Straßburg – Berlin: Neue Kommission gewählt – 10 Punkte-Katalog – Östliche Partnerschaf – Israel & Palästina – Lux-Film-Preis – Kriegsgerät ohne Mehrwertsteuer – Haushalt steht – SPD bewegt sich – Zum Nikolaus im Café Sibylle

Parlament bestätigt neue Kommission und ruft den Klimanotstand aus

Einerseits, so möchte man sagen, wählt das Parlament eine durchwachsene EU-Kommission, bei der man allein schon bei der Aufrüstung weiß, wohin die politische Irrfahrt geht, andererseits zeigt das Parlament mit klarer Mehrheit, dass es eine andere Politik zur Abwendung des Klimawandels will. Immerhin. Die Plenumswoche in Strasbourg zeigt irgendwie, da ist noch Leben drin, da gibt es noch Bewegung in den politischen Auseinandersetzungen. Die linke Fraktion, die GUENGL hat der EU-Kommission die Stimmen verweigert, aber selbstredend zur großen Mehrheit des ökologischen Weckrufs beigetragen. In der übernächsten Woche findet nun überraschenderweise eine außerplanmäßige Plenarsitzung in Brüssel statt, bei der die neue Kommission ihre Klimapolitik im Detail vorstellen will.

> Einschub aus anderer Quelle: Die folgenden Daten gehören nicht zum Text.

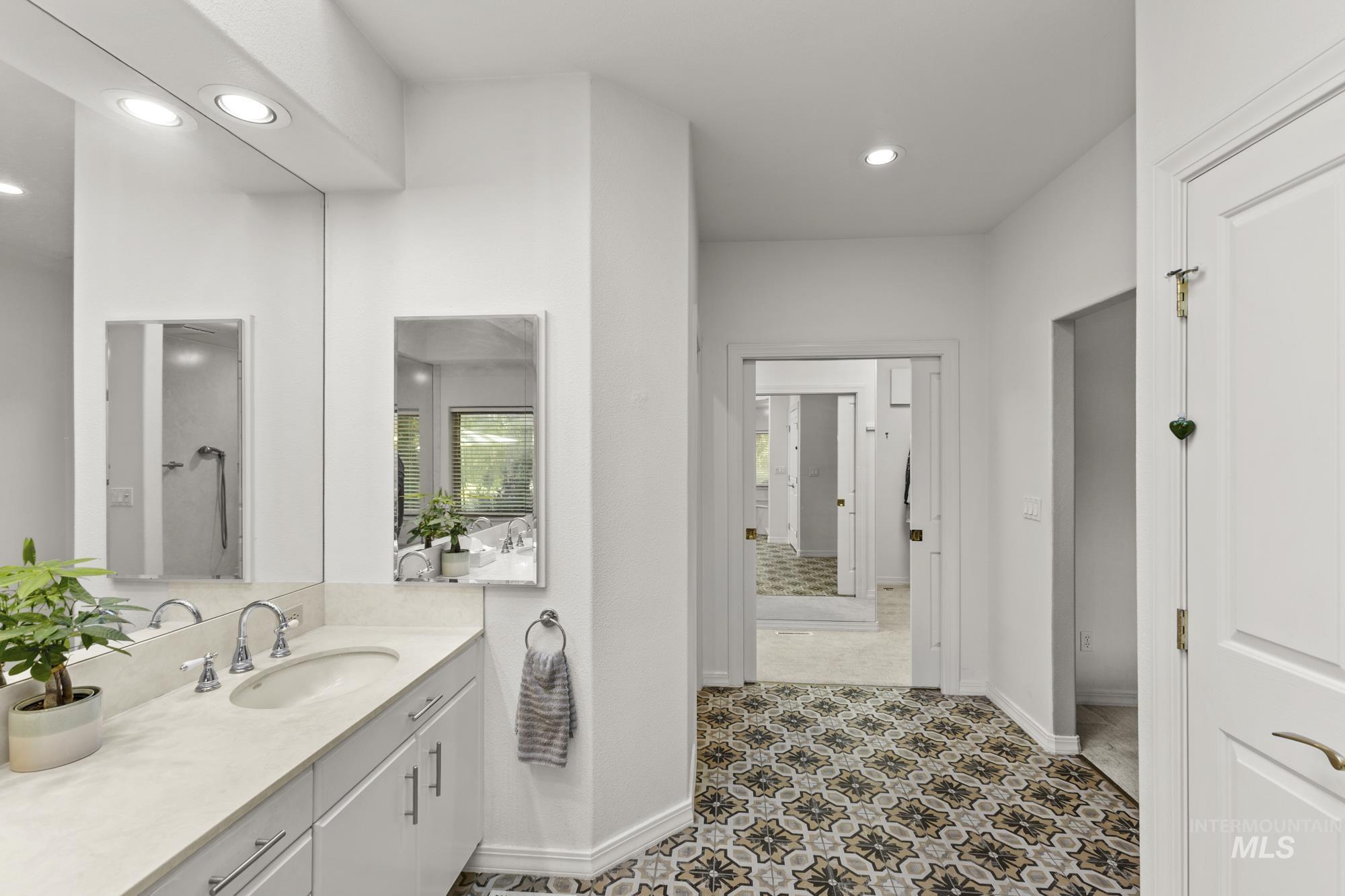 2111 S Pebblecreek Lane, Boise, Idaho 83706, 3 Bedrooms, 2.5 Bathrooms, Residential For Sale, Price $1,250,000, 98966302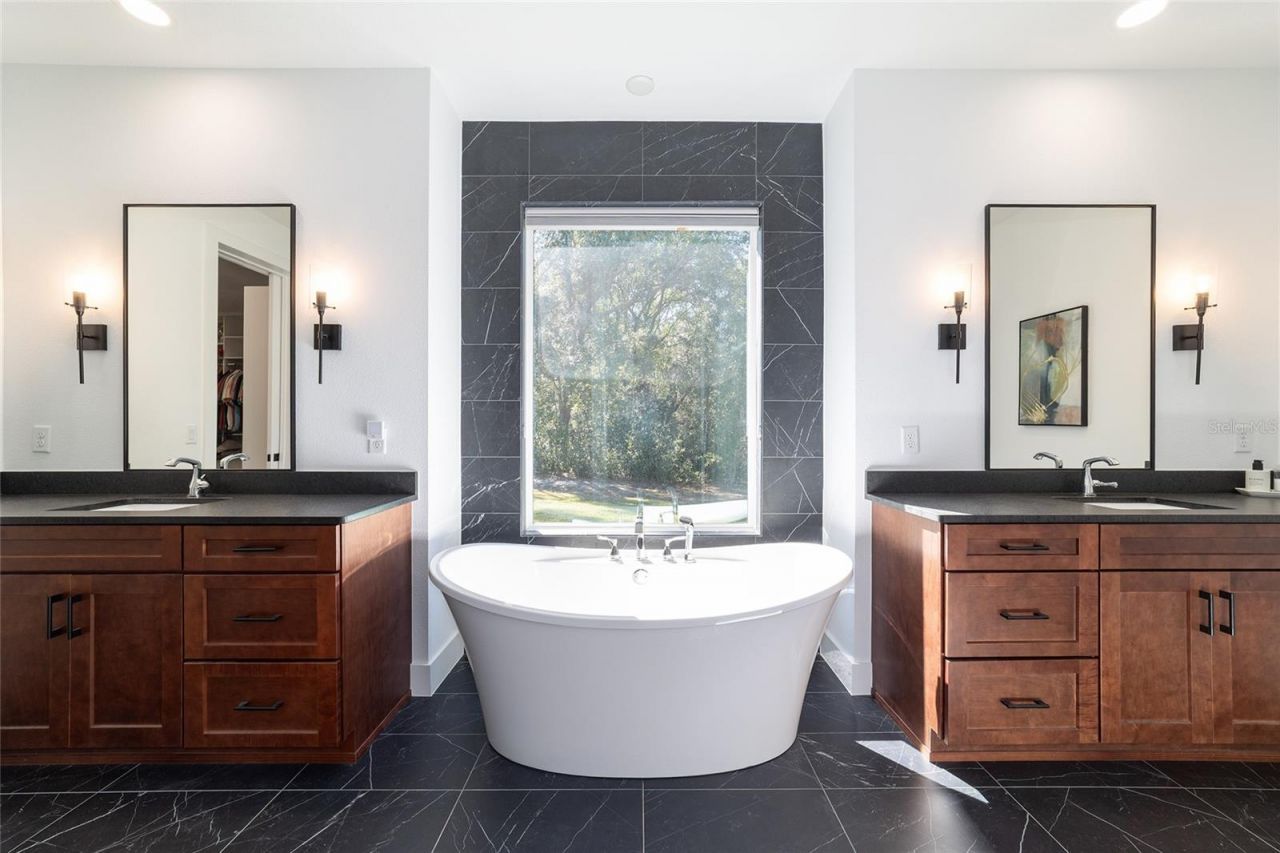 11638 SE 101st Court Road, Belleview, FL 34420 Photo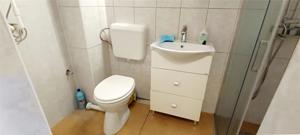 Apartament 28mp in Berzasca  CS - imagine 16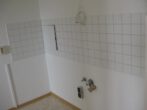 2-Raum-Wohnung mit Dusche und Aufzug im 5. Geschoss zu vermieten - Bild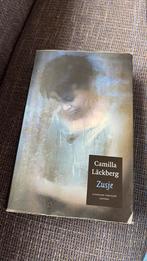 Camilla Läckberg - Zusje, Boeken, Ophalen of Verzenden, Zo goed als nieuw, Nederland, Camilla Läckberg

10 Forderung an die EU-Kommission und den Europäischen Rat

Die EU sollte für unseren Planeten und für die große Mehrheit der Europäer*innen arbeiten – nicht für eine kleine Elite. Zu einem ehrgeizigen Fahrplan, um den Klimawandel zu bekämpfen, gehört eine Politik, die die wachsenden sozialen und wirtschaftlichen Ungleichheiten in der EU bekämpft.

Unsere Fraktion, GUENGL, hat daher zehn Forderungen an die Regierenden in der EU, besonders an die neuen Kommission formuliert.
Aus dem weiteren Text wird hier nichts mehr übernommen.